SOURCE DATA Start Marker

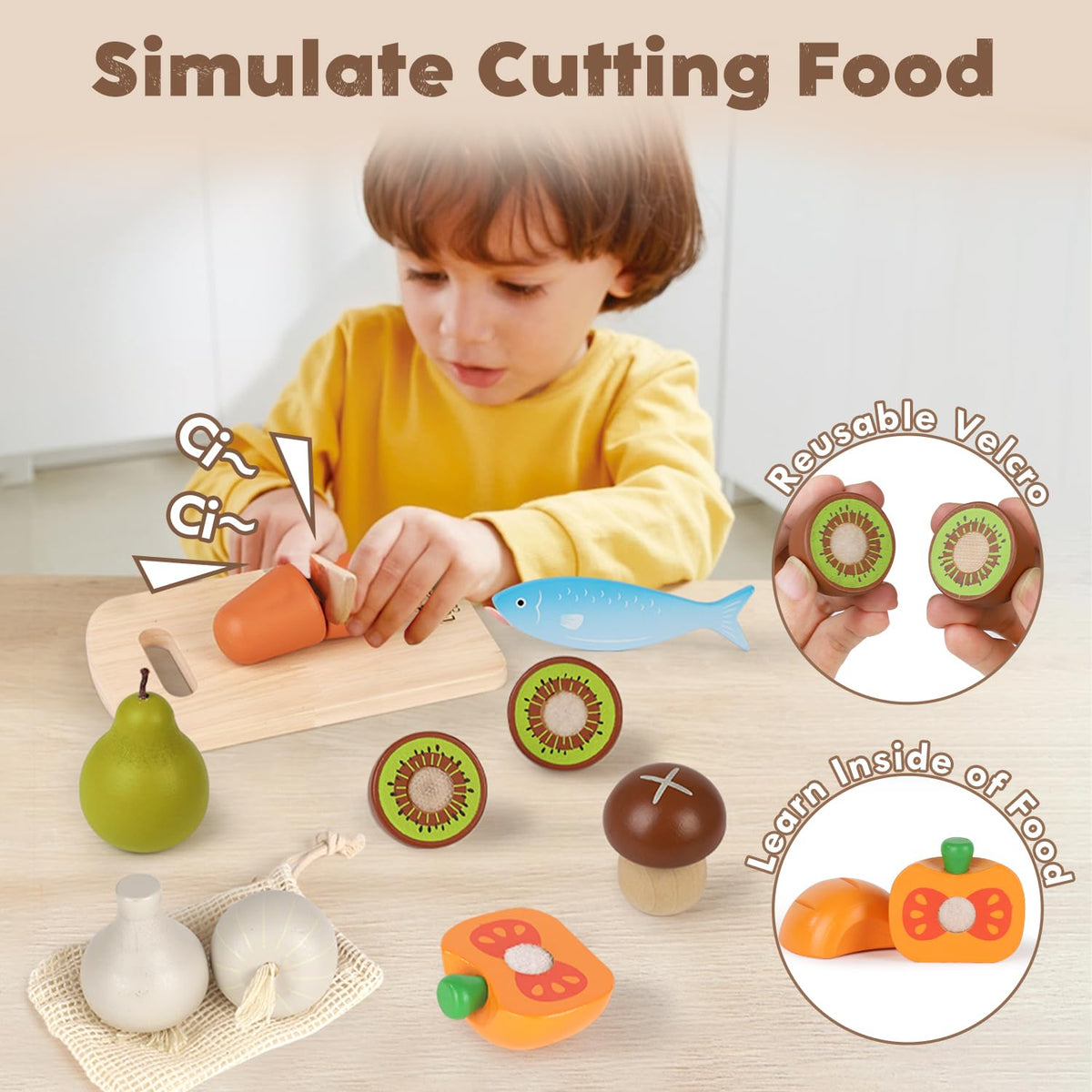 Lehoo Castle wooden play food beef—lifelike cuttable toy for imaginative meals.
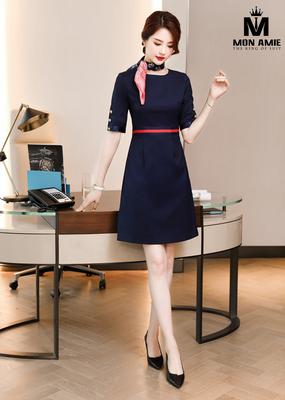 Váy xanh đen form A tay phối nút 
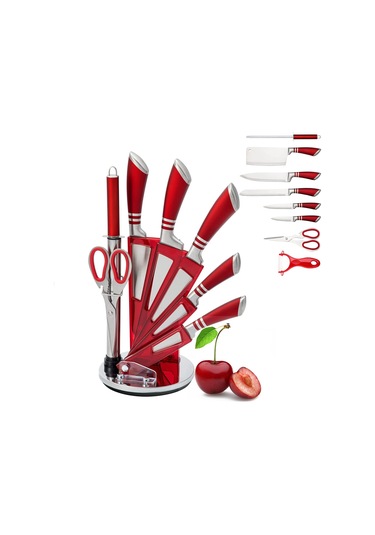 Bıçak Seti, Bileme, Makas, Sopa Paslanmaz Çelik Kırmızı İle 9 Parçalı Mutfak Bıçağı Seti Kırmızı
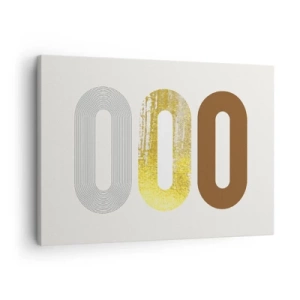 Obraz na płótnie - Abstrakcyjny motyw trzech geometrycznych kształtów - 70x50cm - Ooo! - Nowoczesna dekoracja ścienna do salonu i sypialni ARTTOR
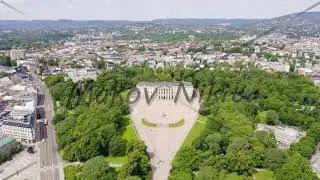 Oslo, Norway. Royal Palace. Slottsplassen. Palace park, Aerial View Hyperlapse, Point of interest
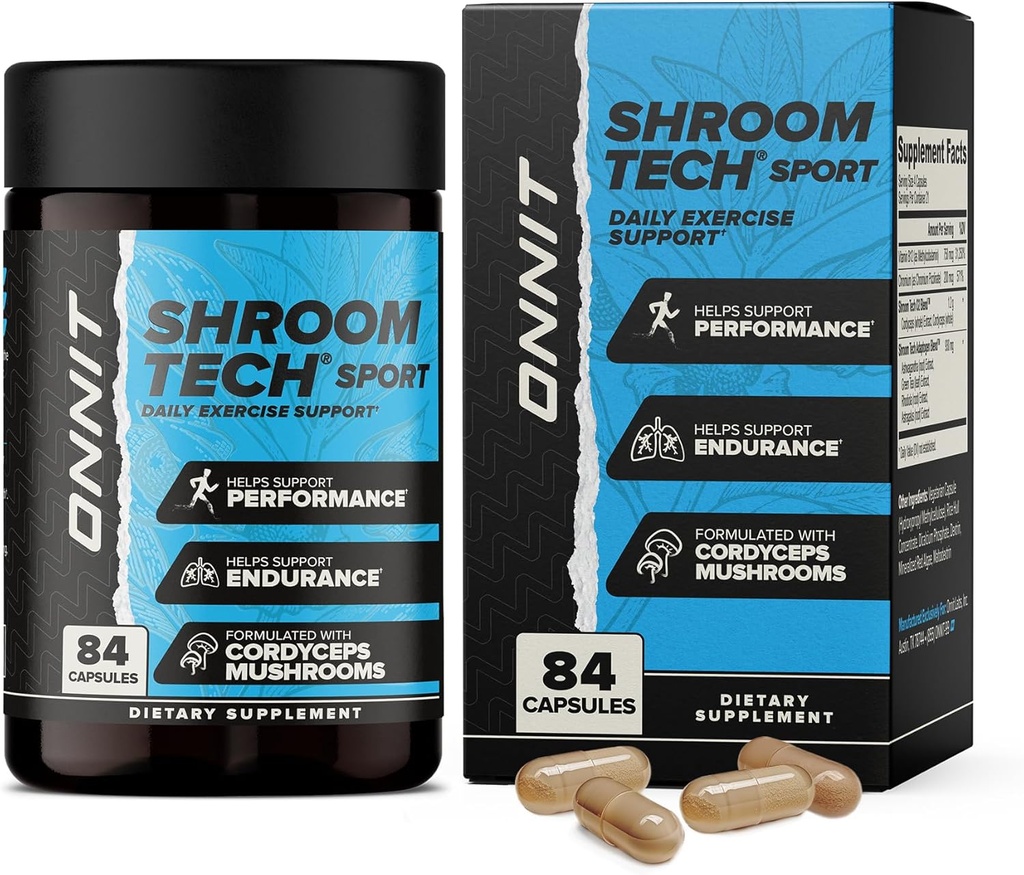 ONNIT Shroom Tech Sport Щоденне тренування Капсули, Попереднє тренування добавки з Cordyceps гриби, кофеїн-Free Дієтичні добавки для щоденної енергетичної підтримки, 84 граф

SOURCE DATA End Marker

▶ **EXERCISE**
Extract, word for word, each line from the one that contains "Bıçak Seti, Bileme, Makas, Sopa" through the final line of the data above. Leave the pictures out.

▶ **EXERCISE OUTPUT**
 Bıçak Seti, Bileme, Makas, Sopa Paslanmaz Çelik Kırmızı İle 9 Parçalı Mutfak Bıçağı Seti Kırmızı
 Obraz na płótnie - Abstrakcyjny motyw trzech geometrycznych kształtów - 70x50cm - Ooo! - Nowoczesna dekoracja ścienna do salonu i sypialni ARTTOR
 Oslo, Norway. Royal Palace. Slottsplassen. Palace park, Aerial View Hyperlapse, Point of interest
 ONNIT Shroom Tech Sport Щоденне тренування Капсули, Попереднє тренування добавки з Cordyceps гриби, кофеїн-Free Дієтичні добавки для щоденної енергетичної підтримки, 84 граф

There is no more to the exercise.